BPBD Pertajam Kemampuan Warga Antisipasi Erupsi Merapi

Dilihat 1895 kali
Simulasi Merapi Paseso di Desa Deyangan Kecamatan Mertoyudan Kabupaten Magelang, Rabu (30/10/2019)

BERITAMAGELANG.ID - Kepanikan melanda warga dua desa di Kecamatan Dukun Kabupaten Magelang ketika status Gunung Merapi naik di level Awas. Warga pun diungsikan ke sejumlah desa lain yang dianggap aman.


Kondisi tersebut, merupakan simulasi bencana Merapi yang digelar Badan Penanggulangan Bencana Daerah (BPBD) Kabupaten Magelang pada Rabu (30/10/2019).


"Ini melatih terus, agar menjadi hati-hati. Masyarakat mengerti apa yang harus dilakukan saat erupsi terjadi," kata Kepala Pelaksana BPBD Kabupaten Magelang Edy Susanto.


Simulasi itu, lanjut Edy, merupakan rangkaian kegiatan Gladi Lapangan memantapkan program PASESO yakni Paseduluran Deso atau Desa Bersaudara. Dimana dalam program itu, dibutuhkan kerjasama antara desa terdampak bencana dan desa penyangga yang menjadi tempat pengungsian warga.
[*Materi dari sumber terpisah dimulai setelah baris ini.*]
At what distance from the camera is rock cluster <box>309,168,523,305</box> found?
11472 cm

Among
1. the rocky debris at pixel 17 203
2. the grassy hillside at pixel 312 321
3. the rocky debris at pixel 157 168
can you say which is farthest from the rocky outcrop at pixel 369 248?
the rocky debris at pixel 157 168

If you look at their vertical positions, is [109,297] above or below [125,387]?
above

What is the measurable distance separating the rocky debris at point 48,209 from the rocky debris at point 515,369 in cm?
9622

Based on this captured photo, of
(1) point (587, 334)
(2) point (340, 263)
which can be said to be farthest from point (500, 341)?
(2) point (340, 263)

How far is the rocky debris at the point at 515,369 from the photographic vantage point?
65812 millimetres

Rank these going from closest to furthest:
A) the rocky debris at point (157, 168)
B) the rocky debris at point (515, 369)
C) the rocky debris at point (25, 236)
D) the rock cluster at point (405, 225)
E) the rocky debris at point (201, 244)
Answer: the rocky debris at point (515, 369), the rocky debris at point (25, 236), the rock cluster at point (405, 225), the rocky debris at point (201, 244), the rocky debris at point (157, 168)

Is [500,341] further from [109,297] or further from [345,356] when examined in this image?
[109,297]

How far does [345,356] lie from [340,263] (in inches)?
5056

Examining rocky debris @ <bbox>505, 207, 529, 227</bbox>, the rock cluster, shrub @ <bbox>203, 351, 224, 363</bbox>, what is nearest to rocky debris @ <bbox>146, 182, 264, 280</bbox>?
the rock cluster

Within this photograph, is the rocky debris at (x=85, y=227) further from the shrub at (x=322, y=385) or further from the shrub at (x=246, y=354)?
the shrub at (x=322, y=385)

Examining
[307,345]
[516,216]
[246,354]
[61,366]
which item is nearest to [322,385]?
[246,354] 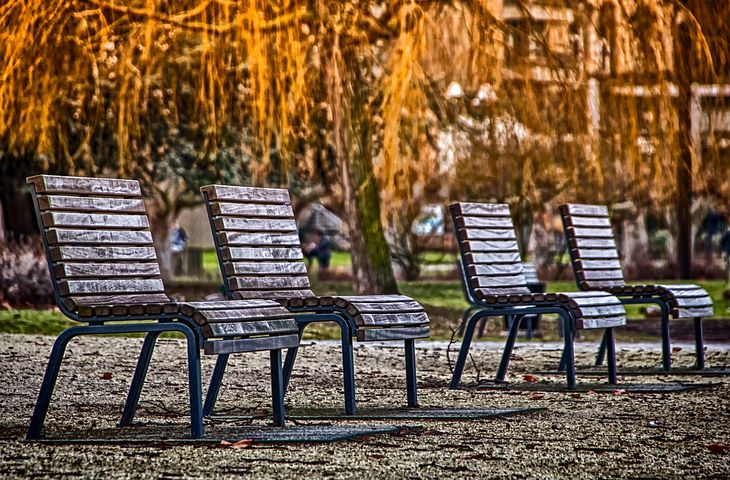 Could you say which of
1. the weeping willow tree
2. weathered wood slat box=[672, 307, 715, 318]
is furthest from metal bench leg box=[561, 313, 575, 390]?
the weeping willow tree

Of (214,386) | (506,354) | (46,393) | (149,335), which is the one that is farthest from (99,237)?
(506,354)

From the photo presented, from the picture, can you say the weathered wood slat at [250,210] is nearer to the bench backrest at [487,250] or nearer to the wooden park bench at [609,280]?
the bench backrest at [487,250]

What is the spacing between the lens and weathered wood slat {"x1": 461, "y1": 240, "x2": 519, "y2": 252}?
9632 mm

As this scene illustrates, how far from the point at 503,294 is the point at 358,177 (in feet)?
26.3

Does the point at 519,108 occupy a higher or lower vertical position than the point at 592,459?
higher

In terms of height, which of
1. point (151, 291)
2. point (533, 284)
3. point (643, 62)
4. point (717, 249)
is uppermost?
point (643, 62)

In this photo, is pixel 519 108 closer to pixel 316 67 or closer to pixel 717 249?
pixel 316 67

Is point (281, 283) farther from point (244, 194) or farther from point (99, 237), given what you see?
point (99, 237)

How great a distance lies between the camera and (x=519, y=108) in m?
16.5

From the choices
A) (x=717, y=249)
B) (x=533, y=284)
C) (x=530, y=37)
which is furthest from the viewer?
(x=717, y=249)

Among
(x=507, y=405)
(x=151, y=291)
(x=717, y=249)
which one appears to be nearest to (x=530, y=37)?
(x=507, y=405)

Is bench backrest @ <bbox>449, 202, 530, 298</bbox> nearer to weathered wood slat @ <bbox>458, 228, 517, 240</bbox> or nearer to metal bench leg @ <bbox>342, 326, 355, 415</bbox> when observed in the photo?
weathered wood slat @ <bbox>458, 228, 517, 240</bbox>

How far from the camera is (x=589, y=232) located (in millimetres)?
11219

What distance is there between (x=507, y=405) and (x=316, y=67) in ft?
30.1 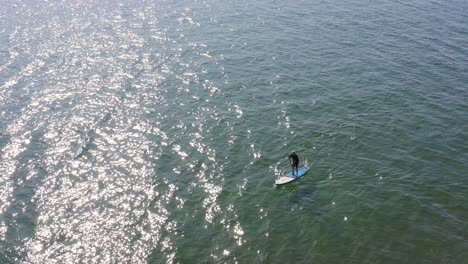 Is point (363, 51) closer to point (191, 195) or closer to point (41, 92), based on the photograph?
point (191, 195)

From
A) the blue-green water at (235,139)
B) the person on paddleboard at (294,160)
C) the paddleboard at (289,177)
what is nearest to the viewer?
the blue-green water at (235,139)

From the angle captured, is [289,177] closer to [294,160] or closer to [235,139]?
[294,160]

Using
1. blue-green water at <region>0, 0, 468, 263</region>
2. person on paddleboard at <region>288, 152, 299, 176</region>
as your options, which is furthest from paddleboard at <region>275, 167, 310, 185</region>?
blue-green water at <region>0, 0, 468, 263</region>

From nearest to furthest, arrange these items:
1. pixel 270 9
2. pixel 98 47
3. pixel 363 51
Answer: pixel 363 51 < pixel 98 47 < pixel 270 9

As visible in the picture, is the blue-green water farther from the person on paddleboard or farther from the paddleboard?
the person on paddleboard

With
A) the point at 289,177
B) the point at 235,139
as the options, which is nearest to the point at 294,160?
the point at 289,177

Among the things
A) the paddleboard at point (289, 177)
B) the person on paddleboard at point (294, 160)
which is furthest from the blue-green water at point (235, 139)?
the person on paddleboard at point (294, 160)

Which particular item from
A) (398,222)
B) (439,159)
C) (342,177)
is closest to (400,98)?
(439,159)

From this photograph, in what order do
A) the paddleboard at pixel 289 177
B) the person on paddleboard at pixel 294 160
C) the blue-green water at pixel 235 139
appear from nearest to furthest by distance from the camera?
the blue-green water at pixel 235 139
the paddleboard at pixel 289 177
the person on paddleboard at pixel 294 160

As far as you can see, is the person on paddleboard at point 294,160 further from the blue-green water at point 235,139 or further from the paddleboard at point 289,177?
the blue-green water at point 235,139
Simulasi kali ini melibatkan ratusan warga dari dua desa yang berada di Kawasan Rawan Bencana (KRB) III erupsi Gunung Merapi seperti warga Desa Sengi Kecamatan Dukun yang mengungsi di Kantor Balai Desa Tirtosari Kecamatan Sawangan. Sedangkan Desa Krinjing, Kecamatan Dukun warganya mengungsi di Desa Deyangan Kecamatan Mertoyudan.


Keunggulan konsep Paseso ini, menurut Edy adalah melibatkan semua elemen yang ada. Selain itu, warga juga mengerti kapan mengungsi dan harus kemana. 


"Untuk yang ditempati juga mengerti jumlah pengungsi, dan apa yang harus dilakukan. Jadi semua tertangani," papar Edy.


Dalam kegiatan simulasi kali ini BPBD Kabupaten Magelang berkerjasama dengan Sejumlah SKPD Propinsi Jawa Tengah, mengingat tiga Kabupaten yakni Klaten, Boyolali dan Magelang berada di zona bahaya erupsi Gunung Merapi.


Menurut Kepala Bidang Pencegahan dan Kesiapsiagaan BPBD Jawa Tengah Syafrudin, penanganan bencana Gunung Merapi menuntut kerjasama lintas instansi. Karena tidak hanya fokus penanganan pengungsi saja namun juga ada pembenahan infrastruktur kesehatan, ternak dan sosial masyarakatnya.


"Kita saat ini memetakan untuk penanganan bencana dengan melibatkan Dinas Peternakan, Sosial Kesehatan, Bina Marga, dan Kominfo," kata dia.


Secara geografis wilayah Jawa Tengah memiliki semua potensi bencana, seperti tsunami, longsor dan banjir.


Menurutnya, Program Paseso Merapi Kabupaten Magelang sangat luar biasa dan efektif dalam mengatasi permasalahan kemanusiaan sehingga akan diterapkan pada daerah lain, dengan sedikit inovasi. 


"Sangat mungkin ditiru, diamati dan dimodifikasi disesuaikan dengan ancaman bahaya bencana daerah itu," terang Syafrudin.